UK trade union federation

The Civil Service Alliance was a trade union federation bringing together civil servants in the United Kingdom.

==Predecessors==
The organisation's origins lay in the Civil Service Federation, established by nine unions in 1911. By the following year, it represented 102,000 civil servants. It focused on giving evidence to government commissions and discussing the possibility of political action. The unions representing clerical workers objected to this focus, and in 1916 all except the post office clerks' unions left the federation.

In 1917, the Assistant Clerks' Association, Civil Service Typists' Association, Federation of Women Civil Servants and Second Division Clerks' Association established a new Civil Service Alliance. The Association of Superintendents and Deputy Superintendents of the Board of Trade Mercantile Marine Offices, Association of Tax Clerks and Boy Clerks' Association also joined before the end of the year, and by 1920 the alliance had 28 full members, 7 associate members, and also affiliations from the Irish Civil Service Association, Isle of Man Civil Service Association and Jamaica Civil Service Association. All the unions were small, and together they represented only 26,253 members. However, the alliance was able to employ a full-time general secretary, Hugh Shayler.

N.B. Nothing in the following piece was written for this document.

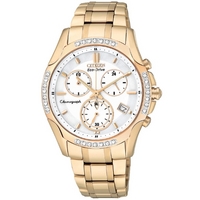 Buy Citizen Ladies Sport Chronograph Gold Tone Steel Watch FB1253-54A online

Meanwhile, the Civil Service Federation was struggling. In 1919, the post office clerks' unions had formed the Union of Post Office Workers, which did not affiliate to the federation. At the start of 1921, it agreed to merge with the Alliance, to form a new Civil Service Confederation, with Shayler as its leader. Initially, this represented 87 unions, with a total membership of 66,209. Many were members of the Civil Service Clerical Association (CSCA), which became increasingly unhappy that it could be outvoted by a combination of smaller unions. As a result, it withdrew in 1937, and the next largest affiliates, the Inland Revenue Staff Federation (IRSF) and Ministry of Labour Staff Association (MLSA), left the following year. Now short of members, the confederation dissolved in 1939.

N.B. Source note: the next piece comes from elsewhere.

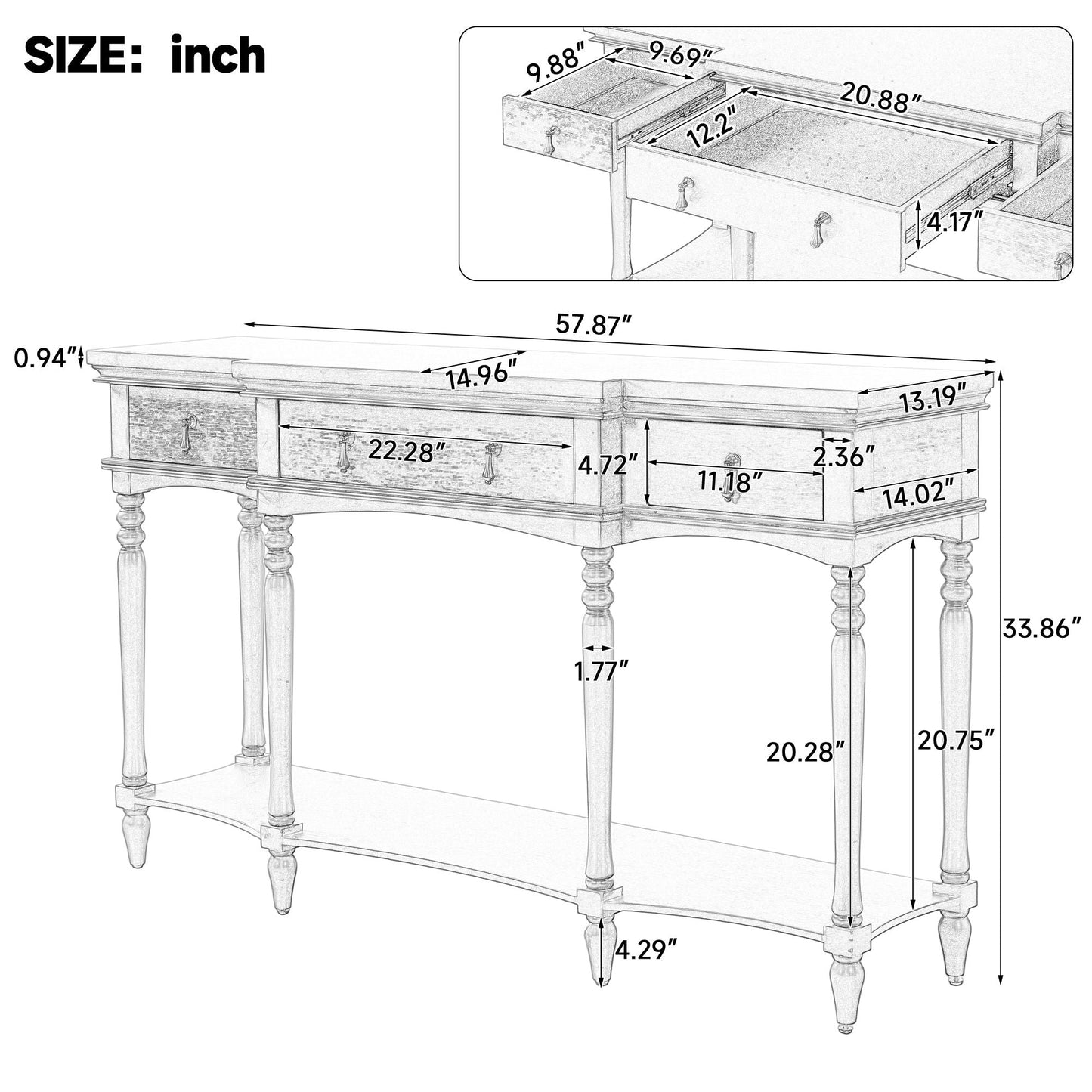 Retro Console Table With 3 Soft Close Drawers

==Civil Service Alliance==
Despite having caused the downfall of the confederation, the CSCA and MLSA wished to form a replacement, in part to reduce conflict between themselves. In 1939, they worked with the County Court Officers' Association (CCOA) and the IRSF to establish a new Civil Service Alliance, initially led by Len White of the CSCA. This alliance proved far more enduring.

The MLSA merged into the CSCA in 1973, followed in 1974 by the CCOA. This led the alliance to dissolve itself.